> Exercise goal
Among the records that follow, set down only the lines from the one containing "rundreise portugal lissabon algarve" to the one containing "BOSCH 0986047660 - Alternador", both included, exactly.

Crawled caption data

"""

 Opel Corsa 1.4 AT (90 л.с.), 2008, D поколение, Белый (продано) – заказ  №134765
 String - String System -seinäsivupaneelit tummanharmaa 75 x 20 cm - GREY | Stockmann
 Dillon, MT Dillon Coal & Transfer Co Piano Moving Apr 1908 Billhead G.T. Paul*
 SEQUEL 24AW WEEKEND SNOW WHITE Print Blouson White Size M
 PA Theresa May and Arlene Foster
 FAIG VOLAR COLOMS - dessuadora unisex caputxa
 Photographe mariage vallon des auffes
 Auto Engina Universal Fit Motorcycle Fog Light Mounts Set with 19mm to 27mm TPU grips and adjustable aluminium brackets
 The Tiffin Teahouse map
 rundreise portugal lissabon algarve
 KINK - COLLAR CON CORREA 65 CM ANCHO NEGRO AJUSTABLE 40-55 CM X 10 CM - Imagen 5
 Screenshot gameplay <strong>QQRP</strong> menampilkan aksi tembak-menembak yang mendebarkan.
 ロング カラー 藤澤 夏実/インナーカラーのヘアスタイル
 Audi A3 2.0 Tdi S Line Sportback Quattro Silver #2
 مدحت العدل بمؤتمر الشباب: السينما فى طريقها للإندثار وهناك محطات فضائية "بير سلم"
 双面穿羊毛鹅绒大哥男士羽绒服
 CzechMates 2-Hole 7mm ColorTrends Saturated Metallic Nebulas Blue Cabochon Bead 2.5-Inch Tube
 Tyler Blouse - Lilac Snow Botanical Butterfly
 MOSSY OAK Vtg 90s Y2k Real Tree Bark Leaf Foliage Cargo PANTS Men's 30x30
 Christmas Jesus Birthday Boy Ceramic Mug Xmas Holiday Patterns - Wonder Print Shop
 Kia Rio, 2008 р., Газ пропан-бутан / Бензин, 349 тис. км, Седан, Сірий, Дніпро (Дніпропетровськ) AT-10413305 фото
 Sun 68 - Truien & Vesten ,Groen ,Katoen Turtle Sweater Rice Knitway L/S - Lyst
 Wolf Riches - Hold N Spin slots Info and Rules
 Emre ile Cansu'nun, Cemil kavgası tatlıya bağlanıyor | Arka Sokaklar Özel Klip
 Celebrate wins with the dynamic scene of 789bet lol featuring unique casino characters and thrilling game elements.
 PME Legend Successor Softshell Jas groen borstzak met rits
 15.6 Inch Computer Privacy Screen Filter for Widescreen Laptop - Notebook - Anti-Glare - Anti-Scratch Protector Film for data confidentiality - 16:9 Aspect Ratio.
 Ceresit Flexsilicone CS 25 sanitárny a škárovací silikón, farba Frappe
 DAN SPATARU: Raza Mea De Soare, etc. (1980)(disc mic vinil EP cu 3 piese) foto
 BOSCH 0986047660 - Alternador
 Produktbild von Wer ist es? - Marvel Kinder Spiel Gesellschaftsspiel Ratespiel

"""

> Output for this exercise
 rundreise portugal lissabon algarve
 KINK - COLLAR CON CORREA 65 CM ANCHO NEGRO AJUSTABLE 40-55 CM X 10 CM - Imagen 5
 Screenshot gameplay <strong>QQRP</strong> menampilkan aksi tembak-menembak yang mendebarkan.
 ロング カラー 藤澤 夏実/インナーカラーのヘアスタイル
 Audi A3 2.0 Tdi S Line Sportback Quattro Silver #2
 مدحت العدل بمؤتمر الشباب: السينما فى طريقها للإندثار وهناك محطات فضائية "بير سلم"
 双面穿羊毛鹅绒大哥男士羽绒服
 CzechMates 2-Hole 7mm ColorTrends Saturated Metallic Nebulas Blue Cabochon Bead 2.5-Inch Tube
 Tyler Blouse - Lilac Snow Botanical Butterfly
 MOSSY OAK Vtg 90s Y2k Real Tree Bark Leaf Foliage Cargo PANTS Men's 30x30
 Christmas Jesus Birthday Boy Ceramic Mug Xmas Holiday Patterns - Wonder Print Shop
 Kia Rio, 2008 р., Газ пропан-бутан / Бензин, 349 тис. км, Седан, Сірий, Дніпро (Дніпропетровськ) AT-10413305 фото
 Sun 68 - Truien & Vesten ,Groen ,Katoen Turtle Sweater Rice Knitway L/S - Lyst
 Wolf Riches - Hold N Spin slots Info and Rules
 Emre ile Cansu'nun, Cemil kavgası tatlıya bağlanıyor | Arka Sokaklar Özel Klip
 Celebrate wins with the dynamic scene of 789bet lol featuring unique casino characters and thrilling game elements.
 PME Legend Successor Softshell Jas groen borstzak met rits
 15.6 Inch Computer Privacy Screen Filter for Widescreen Laptop - Notebook - Anti-Glare - Anti-Scratch Protector Film for data confidentiality - 16:9 Aspect Ratio.
 Ceresit Flexsilicone CS 25 sanitárny a škárovací silikón, farba Frappe
 DAN SPATARU: Raza Mea De Soare, etc. (1980)(disc mic vinil EP cu 3 piese) foto
 BOSCH 0986047660 - Alternador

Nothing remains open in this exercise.